Supression of magnetic subbands in semiconductor superlattices driven by a laser field

TL;DR

This paper explores how strong laser fields influence magnetic subbands in semiconductor superlattices, revealing conditions that lead to band suppression, electron localization, and dominance of multiphotonic optical processes.

Contribution

It introduces a detailed analysis of magnetic subband suppression under laser irradiation using the Kramers-Henneberger approximation, highlighting new effects at accessible laser intensities.

Findings

Magnetic subbands become flat at specific laser frequencies.

Magnetotunneling is significantly inhibited.

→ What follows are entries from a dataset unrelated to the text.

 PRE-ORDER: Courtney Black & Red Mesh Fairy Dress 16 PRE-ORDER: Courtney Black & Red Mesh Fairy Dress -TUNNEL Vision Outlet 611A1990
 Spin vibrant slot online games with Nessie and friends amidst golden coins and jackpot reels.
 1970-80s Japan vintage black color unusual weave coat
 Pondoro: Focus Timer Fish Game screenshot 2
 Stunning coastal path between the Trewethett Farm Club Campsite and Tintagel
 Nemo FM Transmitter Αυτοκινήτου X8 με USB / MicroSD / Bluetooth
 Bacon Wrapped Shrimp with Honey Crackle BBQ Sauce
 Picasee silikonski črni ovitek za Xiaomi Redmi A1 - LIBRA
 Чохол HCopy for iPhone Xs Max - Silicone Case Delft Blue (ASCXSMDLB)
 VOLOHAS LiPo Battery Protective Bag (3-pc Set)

Multiphotonic absorption processes dominate under certain conditions.

Abstract

The effect of strong laser radiation on magnetic subbands in semiconductor superlattices is investigated. Due to the presence of a magnetic field perpendicular to the growth direction, non-linear effects such as band supression and electron localization become relevant at relatively lower intensities and for any polarization perpendicular to the magnetic field. Electron quasienergies and density of states are calculated in the Kramers-Henneberger approximation, whose validity is discussed. The conditions under which collapse of magnetic subbands and quenching of N-photon emission or absorption processes occur are discussed. We conclude that at laser frequencies close to cyclotronic frequency and intensities typical of c.w. lasers, magnetic subbands become flat, magnetotunneling is inhibited and multiphotonic processes dominate optical absorption.